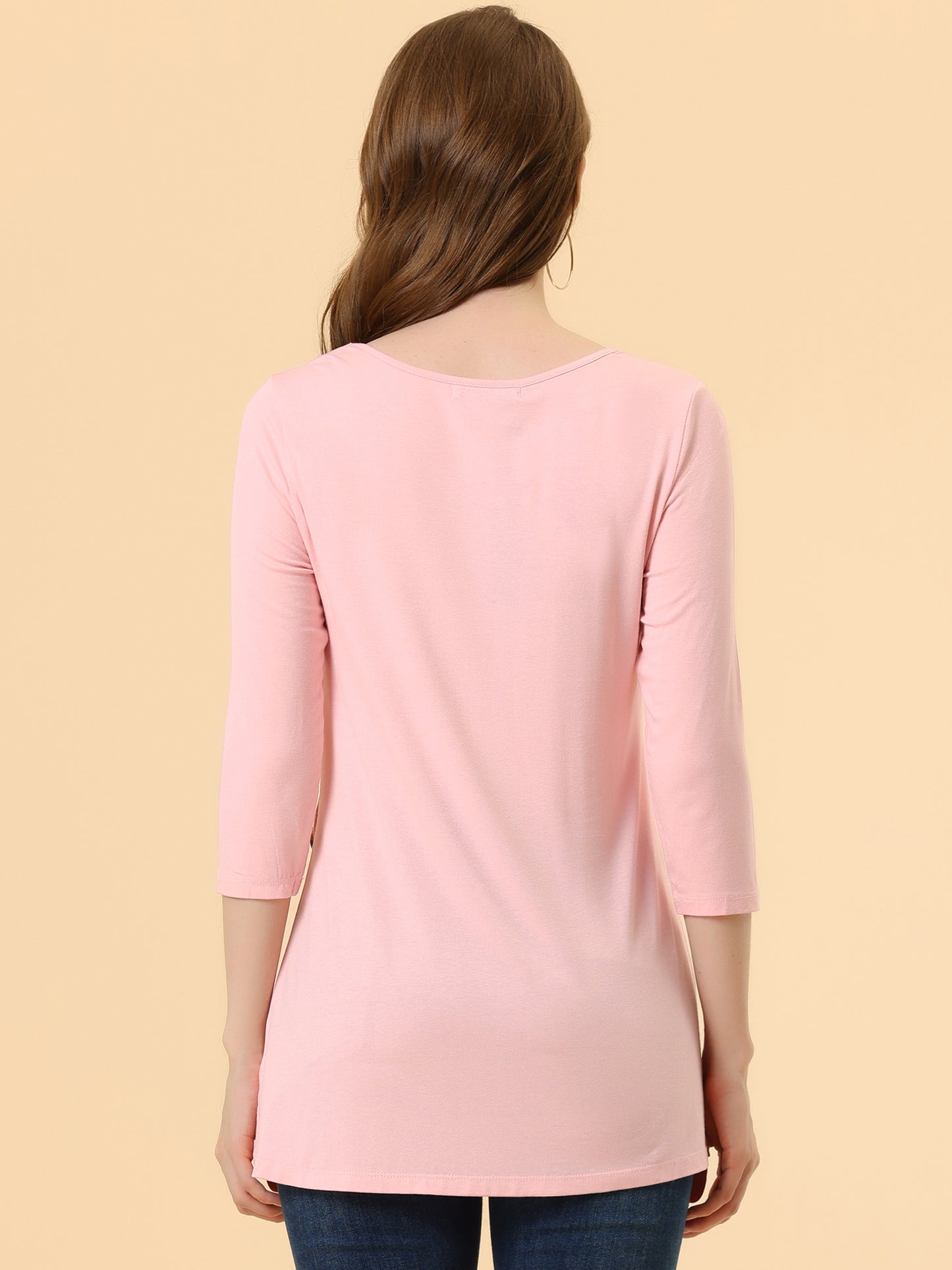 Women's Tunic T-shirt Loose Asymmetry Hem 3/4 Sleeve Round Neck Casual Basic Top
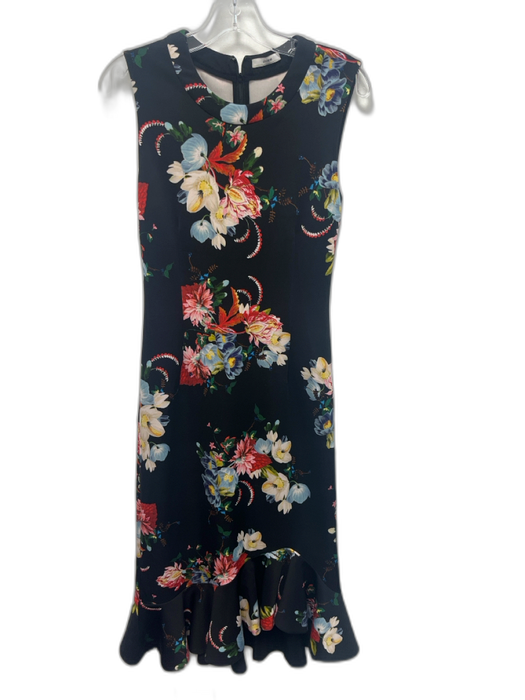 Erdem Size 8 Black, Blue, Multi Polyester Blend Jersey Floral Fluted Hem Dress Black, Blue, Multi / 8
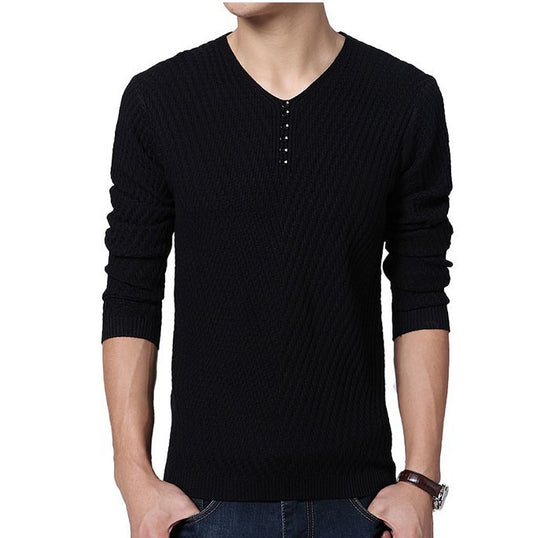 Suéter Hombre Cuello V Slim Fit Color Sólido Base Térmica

* _What the task asks_: Return the data above in its exact wording, with none of the pictures.

* _Response_:
 Women's Tunic T-shirt Loose Asymmetry Hem 3/4 Sleeve Round Neck Casual Basic Top
 Erdem Size 8 Black, Blue, Multi Polyester Blend Jersey Floral Fluted Hem Dress Black, Blue, Multi / 8
 Suéter Hombre Cuello V Slim Fit Color Sólido Base Térmica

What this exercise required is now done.